Think of it this way: you are always in a chain. It can be between 1 and 100 boxes long. But it can’t be a dead end or not include the 1-note. Worse case it visits all boxes and gets back to 1.

Try forming a scenario that doesn’t. E.g a “loop”: Prisoner #1 opens box 1. Finds the number 2. Opens box 2 finds the number 3. Opens box 3... Could he now find the “2” that would lead to him being stuck in the 2-3 loop? No. He already found the 2. It can’t appear again. In the third box he’ll find a number he hasn’t seen. The loop cannot form in any other way than to come to where he started - which it will do when he finds the note with “1” on it.

So by starting with box 1, he is on a loop of length 1..100 including the pointer TO box 1 (which is what he is looking for).

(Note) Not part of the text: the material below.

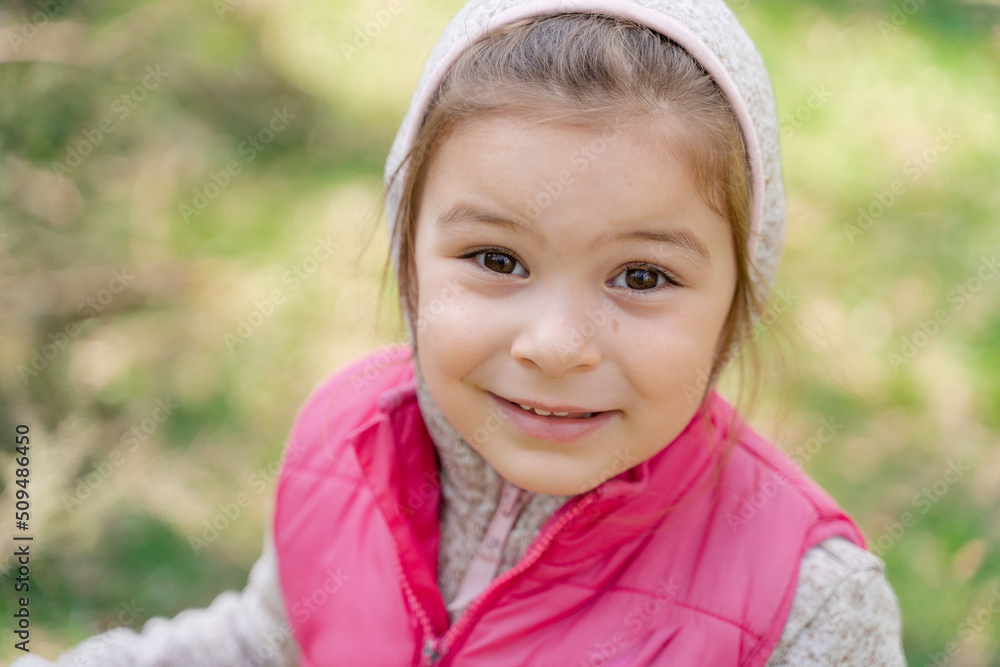 Close up portrait of preschool girl outdoors on a sunny spring or fall day Close up portrait of preschool girl outdoors on a sunny spring or fall day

Ok, so I‘m walking a linked list that will lead to my number. But I still don’t get why the odds are better than just opening the first 50 boxes and hope for the best? What changes because I‘m on the chain?
OK I'll give it another go :)

The chance of you finding your number with 50 random opens is 50%. But you don't live jusr because you find your number. You only live if everyone finds their number. And that chance is slim: it's .5^100 which is a very small number.

The chance of finding your number using the chain algo is the same as the chance that your number is found before the 50th step of your chain. That probability is still 50% because you are opening at most 50 boxes of a 100, the order doesn't matter. This is why you feel nothing will change, that the order shouldn't matter. That is correct: each prisoner opens 50 boxes without any prior information.

But the key is what changes for the probability of success for the group.

All prisoners use the same shuffling (it's only randomized once). Everyone will succeed when walking their chains, if the longest chain is shorter than 50. That is, if there are two chains of 60,40 then the group will fail. Because some of the prisoners who are unlucky and have numbers in the 60 loop will to reach their number in 50 steps. But if there are two chains of 50,50 or 3 chains 30,30,40 etc., then everyone will succeed.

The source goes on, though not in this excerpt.